L’Ambasciatore d’Italia in Venezuela, Placido Vigo, da quando si è insediato a Caracas ha percorso già diverse centinaia di chilometri per visitare le comunità italiane residenti nelle varie province del Paese latinoamericano.
Intervistato da Mauro Bafile, direttore de “La voce d’Italia”, quotidiano italiano a Caracas, il diplomatico spiega: “Ho sempre lavorato così. Sono sempre andato in giro per conoscere i nostri connazionali. Credo che non si possa stare dietro a una scrivania e pensare di sapere tutto. Gli incontri sono sempre stati molto emotivi – aggiunge -. Mi sono state fatte le classiche domande; le stesse che farei io stando all’estero. E cioè, in che modo lo Stato mi può aiutare”.
Vigo torna sul tema dell’Ospedale Italiano, “un progetto che stiamo cercando di realizzare; un progetto che dovrà essere gestito dalla nostra comunità. Prossimamente faremo una riunione con l’associazionismo. A fine gennaio convocheremo una mega-riunione per permettere a tutti di sottoscrivere, qualora lo desiderassero, delle quote associative. È prevista una missione del Direttore degli Affari Internazionali dell’Istituto Europeo di Oncologia. Spero che questa possa coincidere con quella del Presidente della Croce Rossa Internazionale. Poi sarà necessario lanciare un’iniziativa molto complessa, perché gestire un Ospedale non è come dirigere una associazione. Sarà necessario assumere personale. Abbiamo già un gruppo di 25 medici che sono disposti ad operare nell’Ospedale. Ma c’è ancora molto da fare”.
“Abbiamo realizzato delle riunioni. Ho invitato il presidente del Centro Italiano-Venezuelano di Caracas, i rappresentanti del Cgie e dei Comites. Ne ho parlato nell’ambito della riunione del Sistema Paese. Ma la vera grande riunione la faremo a fine gennaio quando ci saranno il presidente della Croce Rossa Internazionale e il rappresentante dell’Istituto Europeo di Oncologia”.
“Dobbiamo fare in modo che questi figli d’Italiani, continuino ad essere italiani e che continuino ad esserlo anche i nipoti. Io sono sempre dell’avviso che dove c’è un italiano, c’è anche una bandiera italiana. Se riusciamo ad unire questa forza, saremo più forti come collettività. Se la comunità italiana è più unita, io posso dire che ho 150mila, 300mila italiani. Ben diverso sarebbe dire che ho una comunità di 4mila persone. In questo caso, il numero fa sostanza. Certo, è necessario vincere la preoccupazione e soprattutto la diffidenza. Bisogna superare questo atteggiamento di delusione e di disaffezione. E bisogna convincere le persone a credere. Allora, tutti parteciperanno. Non so se è chiaro. Questo, però, è un lavoro che richiede tempo, amore”.

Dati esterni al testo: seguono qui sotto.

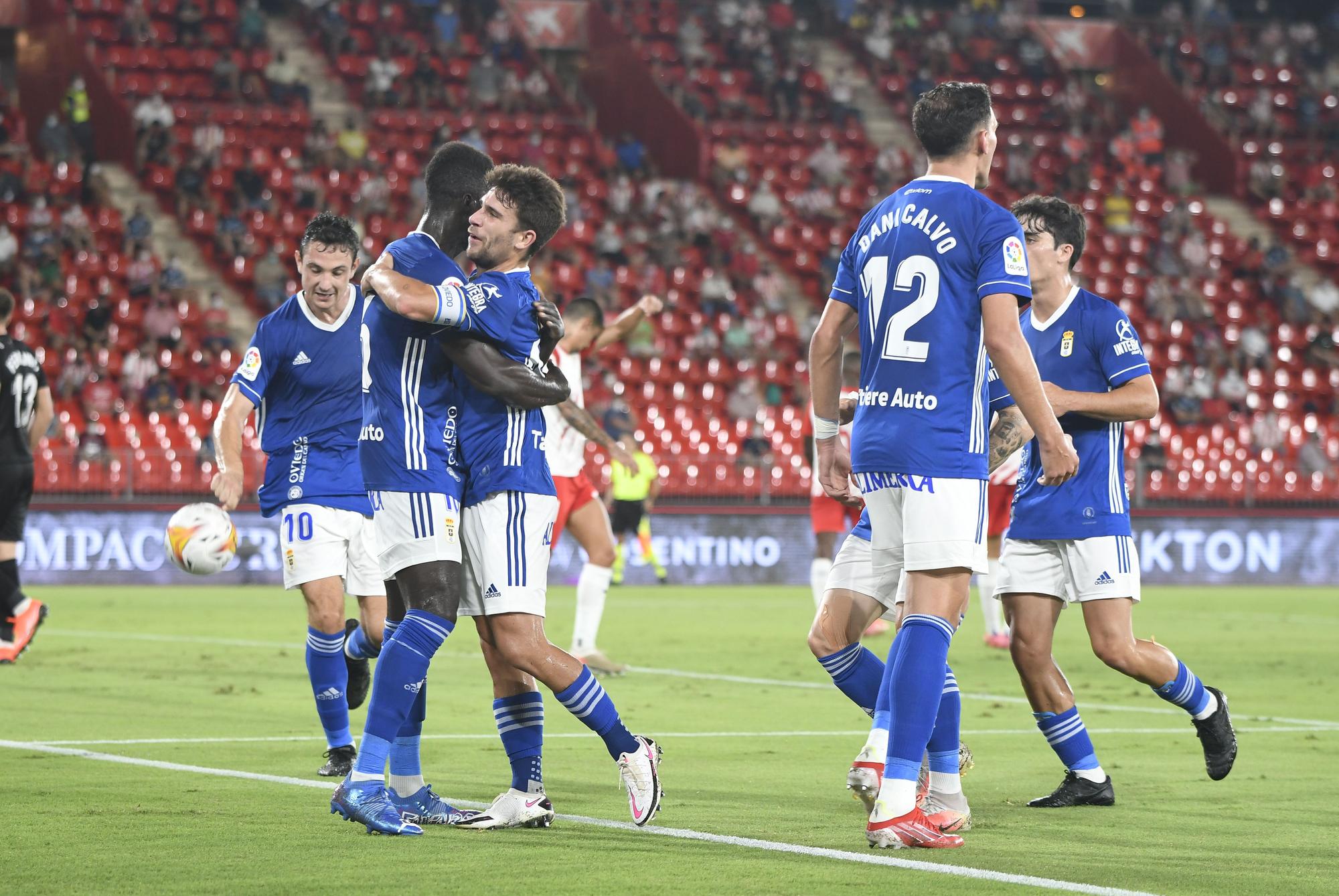 El partido entre el Almería y el Real Oviedo, en imágenes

L’Ambasciatore Viro ha parlato anche di una nuova sede per tutte le istituzioni: “In questo momento, come a Buenos Aires durante la crisi del 2001, c’è la possibilità di fare un investimento immobiliare a buon prezzo, a un costo nettamente inferiore a quello di mercato. Noi abbiamo due sedi di nostra proprietà. Sono la residenza e la Cancelleria diplomatica. Ne abbiamo poi altre in affitto che costano moltissimo al Ministero. C’è poi un problema di sicurezza. Se riusciamo ad avere tutti gli uffici in un unico edificio, possiamo garantire spazi più ampi ai nostri connazionali che oggi attendono in strada esposti alle intemperie e col pericolo di essere derubati. Possiamo offrire una grande sala per le riunioni al Comites e uffici alla nostra Camera di Commercio. Possiamo garantire una maggiore efficienza e funzionalità in caso di emergenza. Per ora – ci tiene a metterlo in risalto – è solo un progetto. Siamo nella fase burocratica. Ho inviato la proposta, dopo aver analizzato oltre venti ipotesi analoghe, su quella che ritengo la soluzione migliore, sulla base della mia esperienza, dopo aver acquistato già tre sedi. L’Amministrazione farà la sua valutazione tecnica. Mi auguro che possa essere considerato opportuno avviare una missione ispettiva per la verifica della sede, il controllo del prezzo e poi il contratto d’acquisto. Bisognerà poi realizzare i lavori di adattamento interno e poi il trasloco degli uffici. È una operazione difficile. Credo che se la riusciamo a portare a buon termine, chi entrerà in quell’edificio si sentirà come a casa: in Italia. Sarà un luogo decoroso, pulito, ampio, con i servizi di ultima generazione. Ripeto, io potrei restare in ufficio senza fare molto. Ma preferisco lavorare in questo modo perché mi stanno a cuore i connazionali. Se non fosse così sarei rimasto in Italia”.